Although the museum itself opened in November 1995, its originating idea can be traced back much further. Barcelonan art critic Alexandre Cirici i Pellicer first suggested opening a museum of contemporary art in 1959. Unfortunately, his idea wasn’t taken up by the city council until 1986; finally, a year later, the MACBA Foundation was born. The founding members held the firm belief that a city of such cultural standing should have in it an internationally significant museum of contemporary art. The next few years were spent acquiring just over a thousand new artworks in preparation for the museum’s opening. It has since grown to encompass over 6,000 pieces and counting!
The museum’s collection of innovative and experimental works covers the most important art movements from the second half of the 20th century onwards. Look out for emblematic works by postwar luminaries Joan Miró, Pablo Picasso, Alexander Calder and Robert Rauschenberg. Later highlights include Jean-Michel Basquiat’s extraordinary Self Portrait and Keith Haring’s iconographic mural Together We Can Stop AIDS. Minimalism is well represented in the collection, with work by Rosemarie Castaro, Hans Haacke, Donald Judd and Sol LeWitt.

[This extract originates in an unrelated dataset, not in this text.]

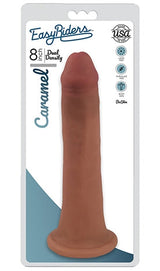 Easy Riders 8 Inch Slim Bioskin Dong Caramel Color > Dildos > Slim Dildos - Tophatter Daily Deals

As well as international art, MACBA makes sure to showcase local talent, both Spanish and Catalan. Look out for photography and installation from the ground-breaking Àngels Ribé, considered one of the most influential Catalan conceptual artists of the 1970s.
The building seems to attract dynamic creativity and activity, as the adjacent square, the Plaça dels Àngels, is often frequented by street artists and the city’s skater community. Permanently located on a podium outside the MACBA building is Jorge Oteiza’s large abstract sculpture La Ola (or ‘The Wave’). When Oteiza was invited by the museum to produce a work, he decided to create something that would strike up a dialogue with Meier’s building. The sculpture’s black aluminium surface changes constantly under the alternation of light and shadow thrown down onto it by the building’s glass façade. In terms of sculpture, within the museum you’ll also find Lichtenstein’s original model for his 14-metre Barcelona Head, commissioned for the 1992 Olympic Games. And if seeing this miniaturised version inspires you to seek out the real thing, you can find the sculpture still standing on the Passeig de Colom, at one end of Barcelona’s Port Vell.